Toutes les terres, toutes les mers sont pleines de toi,
Et chacun te hait à cause de tes coutumes[1].

Même la gravité des Judéens, qui ne leur permettait pas de prendre part aux puérils amusements du cirque, était considérée par les païens comme le fruit d’une imagination sombre, insensible au charme de la beauté. — Aussi les esprits superficiels ne voyaient-ils dans le judaïsme qu’une superstition barbare et haineuse, tandis que les penseurs étaient forcés d’admirer la pureté de leur culte spiritualiste, leur mutuel et profond attachement, leur chasteté, leur tempérance, leur constance à toute épreuve.

Le paganisme, au contraire, offrait plus d’une prise à la critique des Judéens.
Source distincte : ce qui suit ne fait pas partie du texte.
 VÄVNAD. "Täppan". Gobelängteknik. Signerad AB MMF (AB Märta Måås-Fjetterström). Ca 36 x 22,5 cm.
Son idolâtrie grossière et sa mythologie fantastique, qui ravalait les dieux au-dessous de la nature humaine ; la folle idée de diviniser des empereurs corrompus ; la débauche croissante, née de la décadence de la Grèce et du contact de Rome avec des peuples dégénérés ; le spectacle journalier de l’adultère, des amours contre nature, les superstitions, l’incrédulité et la bestialité qui se heurtaient comme dans un tourbillon bachique, rendaient les Judéens d’autant plus fiers de leur supériorité et les provoquaient, en quelque sorte, à des comparaisons qui n’étaient pas à l’avantage de la religion païenne. Là où la connaissance de la langue grecque facilitait l’échange des idées, comme en Égypte, en Asie-Mineure, en Grèce, Judéens et païens furent amenés à des luttes d’ordre purement intellectuel. Le judaïsme appela le paganisme devant le tribunal de la vérité, et opposa sa propre élévation à la petitesse abjecte de la doctrine païenne.

Les convictions qui animaient Israël brillaient de se faire jour et de se répandre au dehors. Mais voyant leur nation en butte à la haine des Gentils, les penseurs judéens eurent recours à une

  1. Livre des Sibyllines, éd. Alexandre, III, v. 271.